Why do "realistic" AI results for man/woman have non-proportion big heads compared to their bodies?

Arc🌰 · 4 hours ago

Why do "realistic" AI results for man/woman have non-proportion big heads compared to their bodies?

@j4k3 · 15 minutes ago

Every model and fine tune is different. With more advanced tools, you just need to negative out the sources. If you have ComfyUI use the manager to get the Derfuu ComfyUI Modded Nodes package and use the debug node to see what is actually happening with sigmas, clip, and conditioning. It is all just numbers. Once you can break these out as numbers you can start understanding the whole process much better.

I like to find information about how people train and tune models using various sources and tag generation tools. This helps to isolate a lot of the obscure issues. Some really helpful negative tags are: ai generated, source unknown, cartoon, NPC, anime, render, practice, noise, almost, plastic, deep fake, Photoshop, overlay

However, tags like these are more common in mixed media that include art. You can often get better results from describing the subject without tags using plain English. All of the alignment issues are also real world adjacent. You can often get better images if you negative out: creepy face, Guy Fawkes mask, clown, stone eyes, roll eyes, morality.

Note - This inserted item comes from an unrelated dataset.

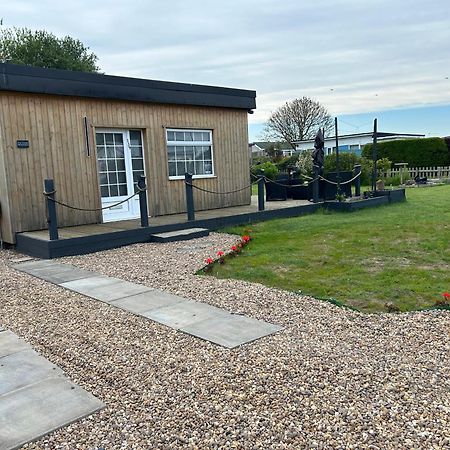 The Chalet By Hip Haus Humberston エクステリア 写真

In the positive, you really need to know what datasets and tags were used in training to effectively make keyword terms. However, it really helps to explore a more scientific definition of the human body and what beauty really is. Terms can help like: neoteny, symmetry, small nose mouth brow, big eyes, forward slant face, small joints, delicate, Tanner Stage 5 physical development

You might also add, healthy weight, to the negative as there is a baked in bias. Some models also lock up some aspects of generation behind forbidden fruit which can pull out some aspects in the positive.

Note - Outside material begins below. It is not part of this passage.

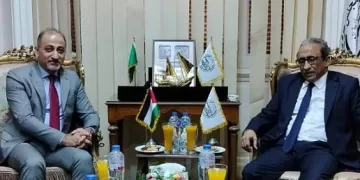 أمين عام «الوحدة الاقتصادية» لـ مندوب فلسطين بالجامعة العربية: دعم كامل للقضية الفلسطينية ضد قوى الاحتلال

A lot of this gets into underage adjacent territory which can make some people uncomfortable, and for that I apologise. That isn’t my intent. The more scientific definition of beauty based on blind testing follows neoteny in humans which is the retention of some juvenile features such as big eyes and a small mouth and nose. These feature sets apply to both sexes. These juvenile features are often what is triggering alignment layers to obfuscate and create oddball outputs. Most uncensored models struggle with this too. Even something like Pony Realism or Flux models will steer the output towards a more rendered cartoon as the output begins to get flagged by the alignment bias layers. If you want to avoid this behavior in a more deterministic way, you really need to understand the scope of alignment bias.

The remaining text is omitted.